Stored items
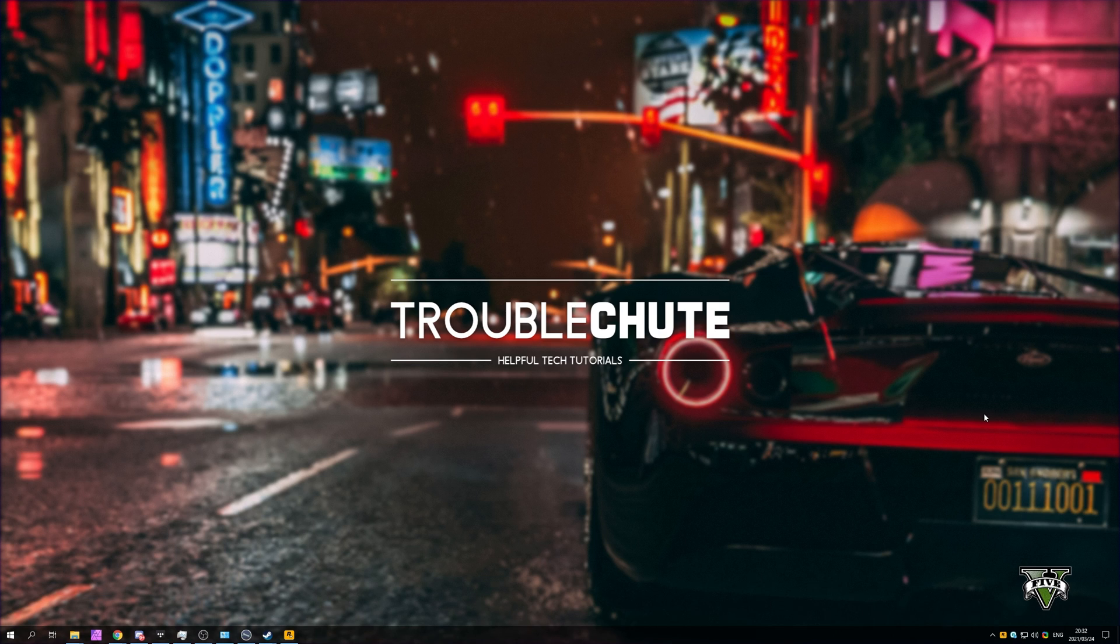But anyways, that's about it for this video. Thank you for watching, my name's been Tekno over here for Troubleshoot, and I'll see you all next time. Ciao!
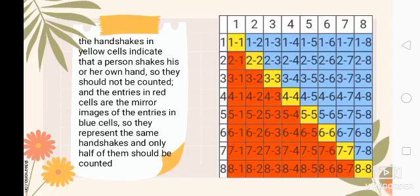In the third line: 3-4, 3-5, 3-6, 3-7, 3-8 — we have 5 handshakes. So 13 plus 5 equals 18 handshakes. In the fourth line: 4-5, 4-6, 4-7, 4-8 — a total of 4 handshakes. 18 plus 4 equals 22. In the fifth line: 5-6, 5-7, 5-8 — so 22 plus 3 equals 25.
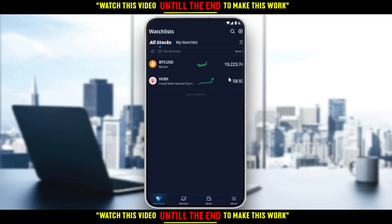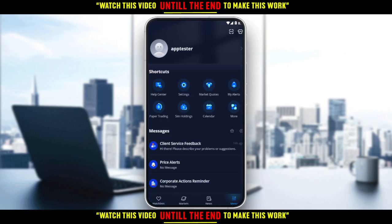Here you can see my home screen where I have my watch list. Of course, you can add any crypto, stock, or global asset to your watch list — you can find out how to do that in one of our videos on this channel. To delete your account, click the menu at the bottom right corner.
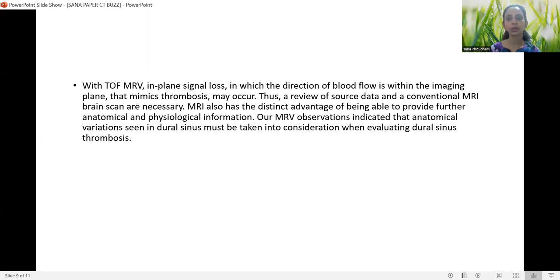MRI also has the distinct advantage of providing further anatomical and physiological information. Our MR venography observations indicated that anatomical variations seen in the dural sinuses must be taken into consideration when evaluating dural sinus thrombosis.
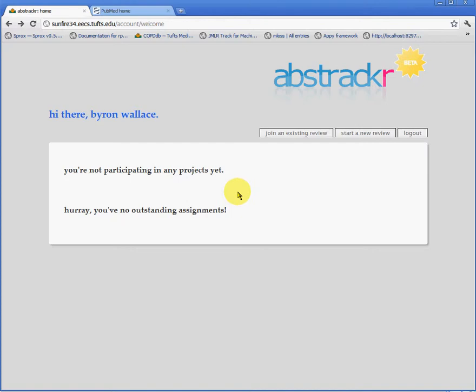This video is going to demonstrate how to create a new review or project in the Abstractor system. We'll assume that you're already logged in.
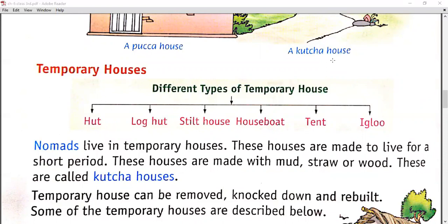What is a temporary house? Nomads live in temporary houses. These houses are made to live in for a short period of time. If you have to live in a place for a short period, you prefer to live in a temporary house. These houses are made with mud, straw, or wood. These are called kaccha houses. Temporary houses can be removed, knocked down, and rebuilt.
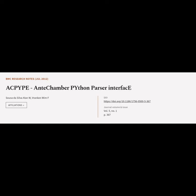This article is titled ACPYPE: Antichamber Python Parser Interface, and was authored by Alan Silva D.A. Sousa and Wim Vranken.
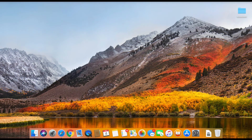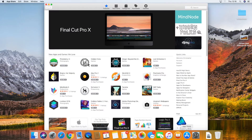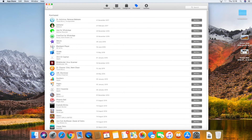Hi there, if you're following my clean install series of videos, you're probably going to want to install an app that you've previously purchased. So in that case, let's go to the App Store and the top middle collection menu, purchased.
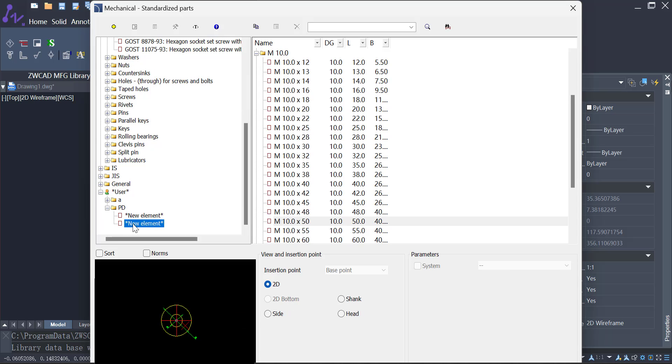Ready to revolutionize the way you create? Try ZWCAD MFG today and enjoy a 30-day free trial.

◆ EXERCISE DETAILS:
Where the line containing "MRI also has" appears above, start there and set down each line exactly through the last line of the data; leave out every picture.

◆ RESPONSE BELOW:
MRI also has the distinct advantage of providing further anatomical and physiological information. Our MR venography observations indicated that anatomical variations seen in the dural sinuses must be taken into consideration when evaluating dural sinus thrombosis.
This video is going to demonstrate how to create a new review or project in the Abstractor system. We'll assume that you're already logged in.
What is a temporary house? Nomads live in temporary houses. These houses are made to live in for a short period of time. If you have to live in a place for a short period, you prefer to live in a temporary house. These houses are made with mud, straw, or wood. These are called kaccha houses. Temporary houses can be removed, knocked down, and rebuilt.
This article is titled ACPYPE: Antichamber Python Parser Interface, and was authored by Alan Silva D.A. Sousa and Wim Vranken.
Hi there, if you're following my clean install series of videos, you're probably going to want to install an app that you've previously purchased. So in that case, let's go to the App Store and the top middle collection menu, purchased.
Ready to revolutionize the way you create? Try ZWCAD MFG today and enjoy a 30-day free trial.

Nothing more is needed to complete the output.